To take an opera that’s effectively been written off; to look past superficial criticism (an electric guitar and a couple of “f**ks”: so what?), to recognise a work filled with frighteningly contemporary ideas and emotions (one whose Mussorgsky-like use of the chorus makes it perfect for BOC’s approach) and then to give it so involving and urgent a production, demands heroic insight and belief.

What hit home first was Tippett’s score: dark, taut, grippingly dramatic, lightened by delicate (but never sentimental) moments of fantasy and grace.

The CBSO under Andrew Gourlay played their socks off in what (whether they realise it or not) will probably be their most artistically significant performance this year.

The amateur chorus, trained by Jonathan Laird, wasn’t quite as precise – but any rough edges in their ferociously difficult music simply added to the sense of elemental energy crucial to Tippett’s riot scenes. They were – just as Tippett would have wanted - a force of nature.

There were problems. In BOC’s promenade format (designer Stuart Nunn decked out the warehouse as an airport lounge), it’s the luck of the draw whether or not you can see the action at any given time. Audibility was an issue.

But we were close enough to sense the commanding physicality of Ta’u Pupu’a as the Muhammad Ali-like Olympion – a plausible figurehead for the mob – and feel the tenderness between Andrew Slater’s weary dissident Lev and Nadine Benjamin as his wife Nadia: affecting performances, sung more expressively than you’d think possible in so large a space.

Ross Ramgobin embodied the troubling role of Lev’s son Yuri with fierce conviction; and Chrystal E Williams’ heartfelt Act 2 monologue may in its quiet way have been the evening’s musical high point.

But the night belonged to the entire company: and above all, to Tippett himself.

The final scene set a shard of hope against a world quickly filling with darkness: protestors, hippy-dippy escapists, ISIS killers.
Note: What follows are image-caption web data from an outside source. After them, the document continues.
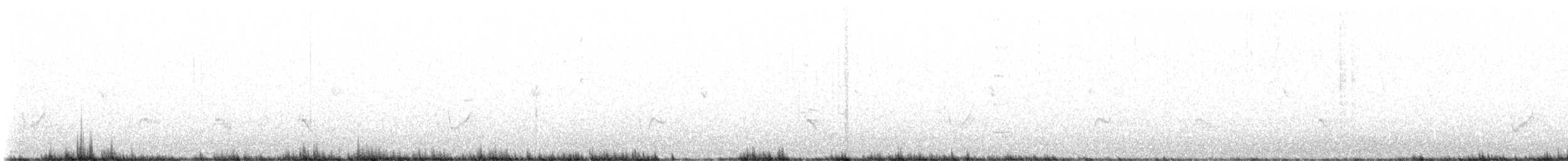 Gray Vireo - ML583719731
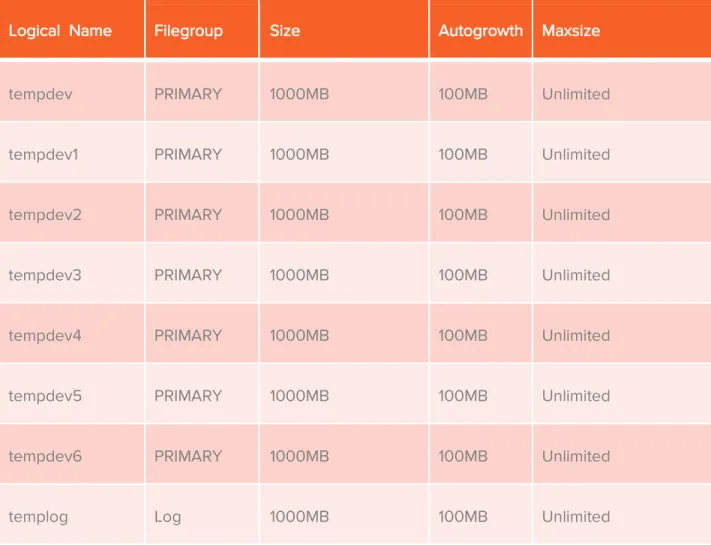 Table 7. Volume: SQL-TEMP 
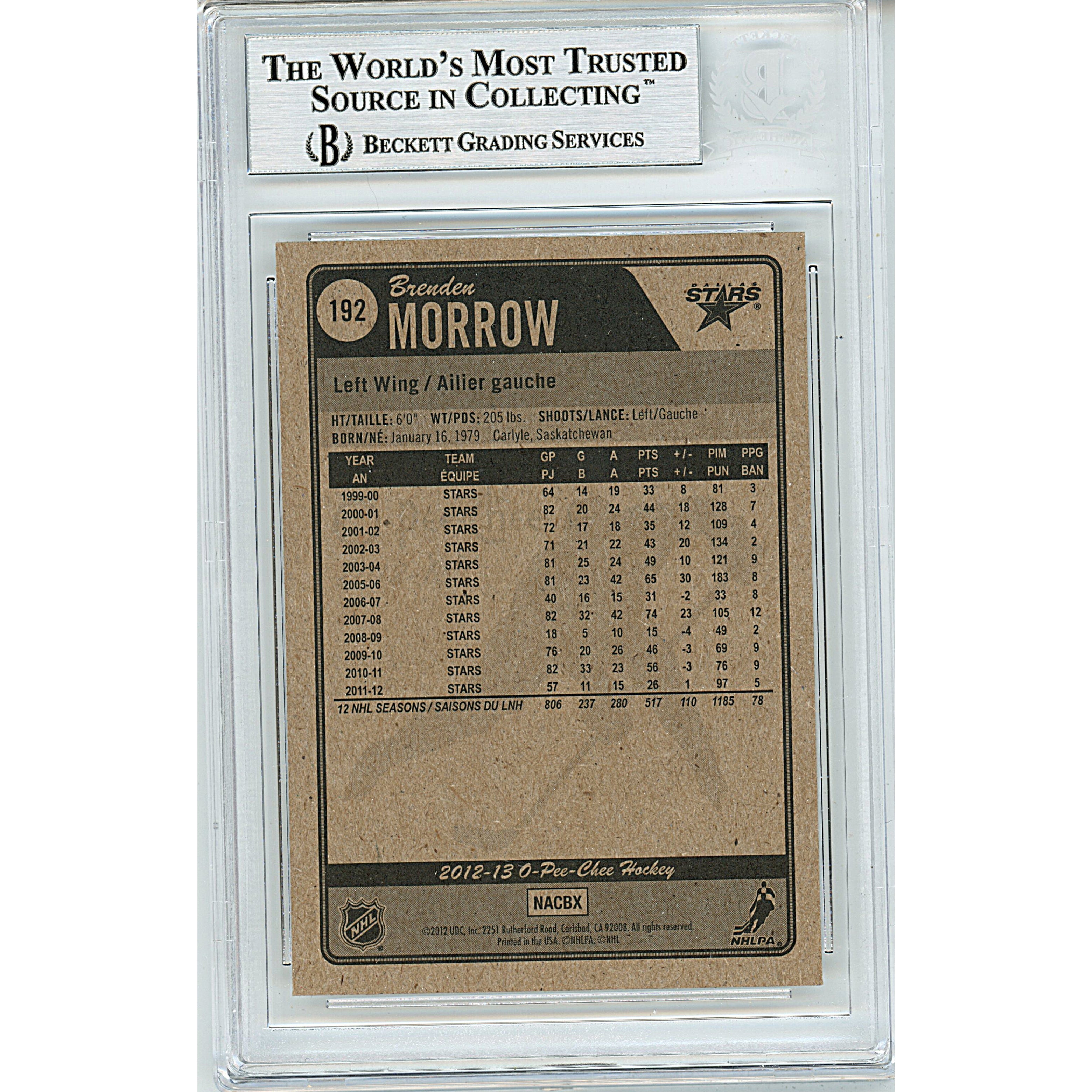 2012 #25 Brenden Morrow Signed Trading Card – Beckett BAS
If Tippett’s drama fell flat as a Cold War parable in 1977, 38 years later – in Vick’s production – it seems to throw out more and bigger questions than we’re able to answer.

I’m just going to say it: The Ice Break is a masterpiece and this production strikes me as the greatest thing that Birmingham Opera Company has yet done.

The Ice Break is staged until April 9 at the B12 Warehouse in Charles Henry Street, Digbeth.